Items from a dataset
━━━━━━━━━━
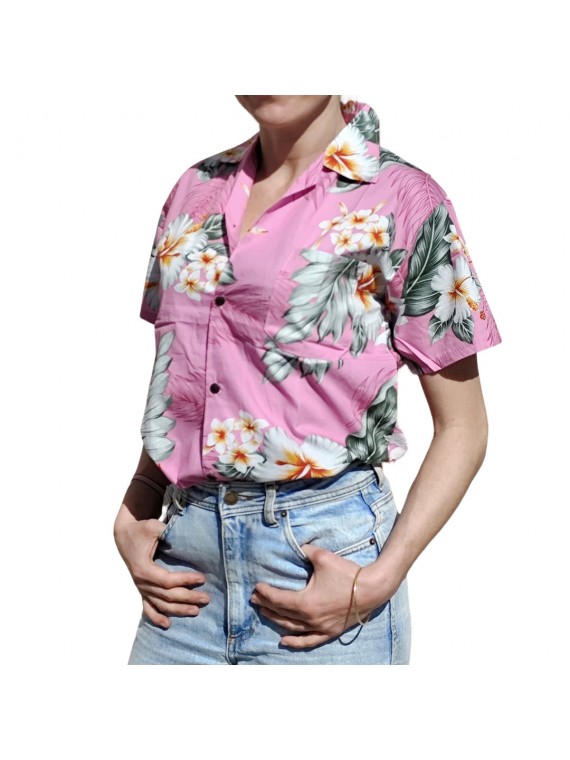 Chemisier hawaïen rose aux fleurs exotiques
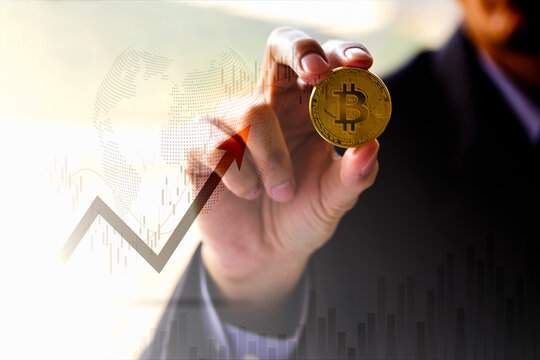 Modern way of exchange. Bitcoin is convenient payment in global economy market. Virtual digital currency and financial investment trade concept. Abstract cryptocurrency with gold bitcoin background.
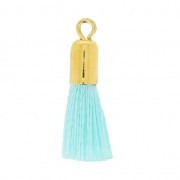 14 mm cotton pompom with metal clasp - Aquamarine - Fine gold plated x1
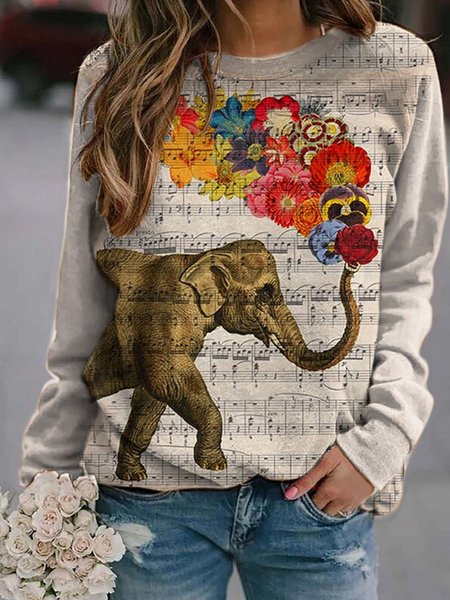 

Cotton-Blend Patchwork Casual Printed Sweatshirt, Multicolor, Winter Clearance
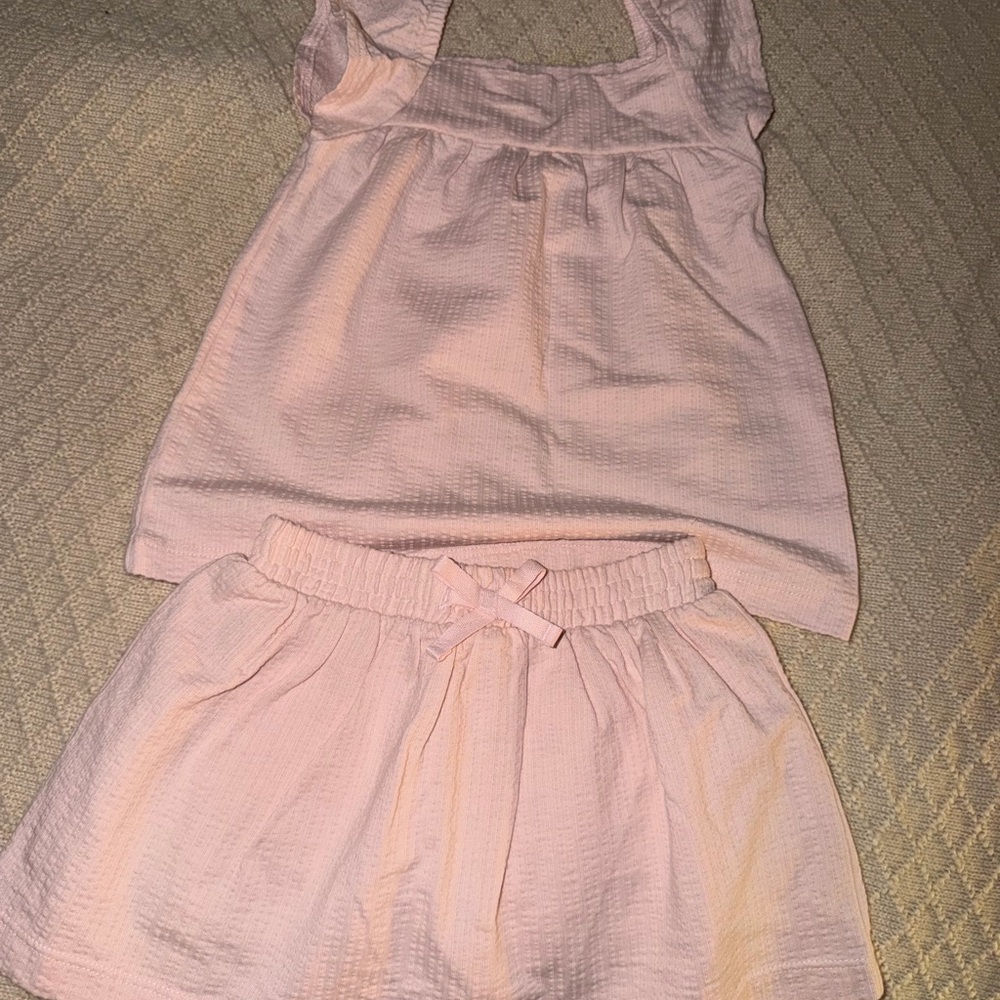 Carter's Light Pink Girls Matching Tank Top & Skirt Set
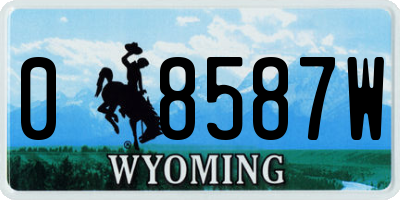 WY license plate 08587W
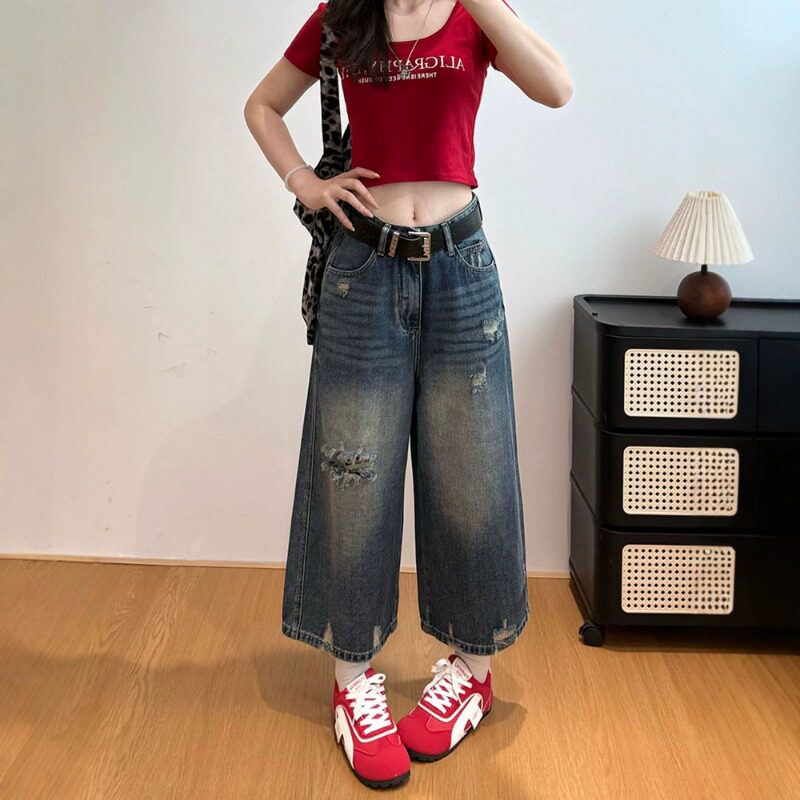 复古蓝色阔腿牛仔裤女夏季新款破洞高腰宽松显瘦小个子八分阔腿裤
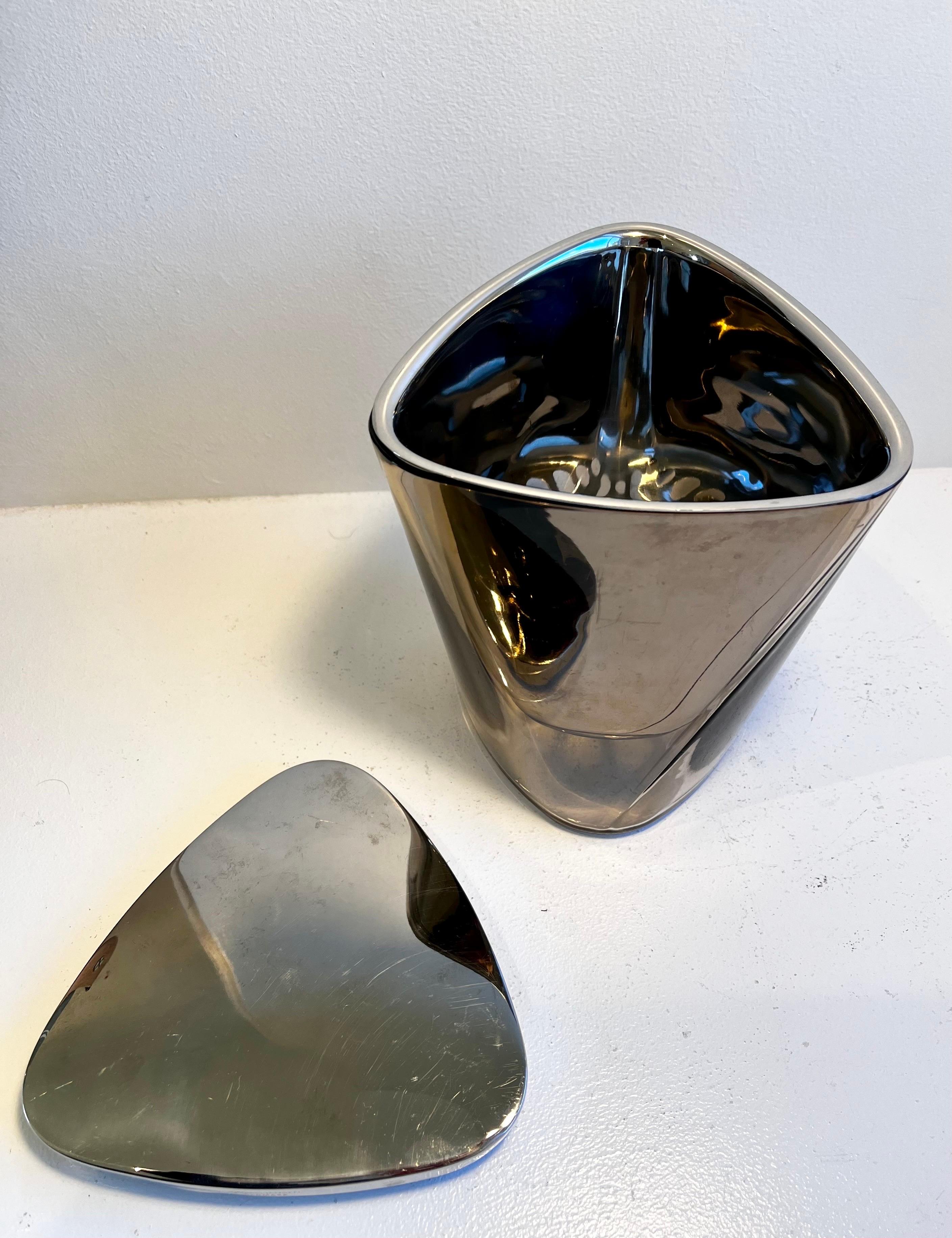 Cubitera de acero inoxidable y cristal de tres piezas de Georg Jensen en venta 10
━━━━━━━━━━
YOUR TASK —
The lines to copy run from the line containing "WY license plate 08587W" through the end of the data above; copy exactly those, minus the pictures.

PROBLEM SOLUTION —
 WY license plate 08587W
 复古蓝色阔腿牛仔裤女夏季新款破洞高腰宽松显瘦小个子八分阔腿裤
 Cubitera de acero inoxidable y cristal de tres piezas de Georg Jensen en venta 10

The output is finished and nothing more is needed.